Dan will know better, but I think passing a weight array will indeed affect the relative scaling of the two sets of samples. Assuming you have 1000 samples, try passing 2.0 * np.ones(1000) for weights for one set and np.ones(1000) for the other set and see if it changes the relative scaling.

sultan-hassan · 2016-09-27T23:05:17Z

Yes it does change scaling but it would be great to find out something consistent to use for all samples such that the sum under the PDF is equal to one or any way to normalize them without playing randomly, 2.0 * np.ones(1000) if not then 3.0 * np.ones(1000) ...etc. thanks for helping out.

kbarbary · 2016-09-28T00:24:20Z

Is the problem that the two sets have different numbers of samples? If so, setting weights=np.ones(nsamples)/nsamples for each set should make the areas under the PDF the same regardless of the value of nsamples.

sultan-hassan · 2016-09-28T03:31:12Z

The nsmaples is the same! and I tried this but it doesn't help. There must be a way :( I will keep playing around, let me know if you find something.

dfm · 2016-09-28T15:57:44Z

If nsamples is the same then it is normalized! The integral under each of those histograms is the same.

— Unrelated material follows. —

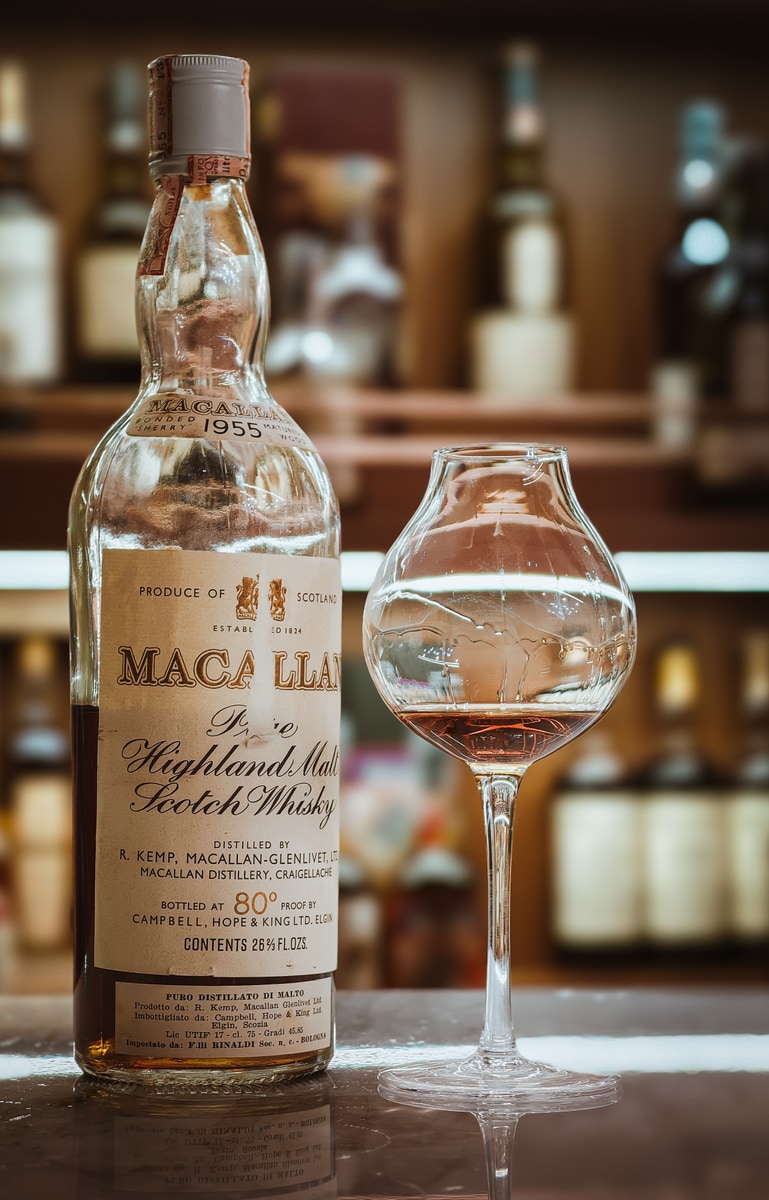 Illustrative image · Illustrative — Client photo: Macallan 1955 Rinaldi, 80 proof; age 15 is not visible.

drphilmarshall · 2016-09-28T18:27:31Z

Agreed - the blue and red histograms look like good approximations to
normalized PDFs to me!

On Wed, Sep 28, 2016 at 8:57 AM, Dan Foreman-Mackey <
notifications@github.com> wrote:

If nsamples is the same then it is normalized! The integral under each
of those histograms is the same.

—
You are receiving this because you are subscribed to this thread.
Reply to this email directly, view it on GitHub
#86 (comment), or mute
the thread
https://github.com/notifications/unsubscribe-auth/AArY9xsEl0RhvOGsOR6s8_o2moi4Nf05ks5quo54gaJpZM4KIAYE
.

sultan-hassan · 2016-09-28T18:39:11Z

So If I want the height of the 1D hist diagonals (blue and red) to be the same? should I incearse the bins number or I should use the same bin-width? It should be possible to have them in the same height! the question is how? still playing around...

drphilmarshall · 2016-09-28T19:09:11Z

I think the default behavior should be that the histograms should be represented so that they appear as approximations to PDFs, which is to say, each normalised to unit area under the curve - no matter what the chosen bin size is. Asking for the distributions to be shown with equal peak heights sounds like different functionality, but which could be provided via a (new?) kwarg, like `equalize_peak_heights=True`. BTW if such an option were implemented, you'd want the 2D histograms to be scaled to equal peak density in the same way (otherwise the panels would become logically disconnected.) A more common use case might be to use a (new? and easier to implement?) kwarg like `normalization=1512`, so that different populations can be overlaid with their appropriate relative (or absolute) sizes (in this case, 1512 population members). The default would be 1.0. I only ever use `corner` for samples from PDFs, but maybe others have done this?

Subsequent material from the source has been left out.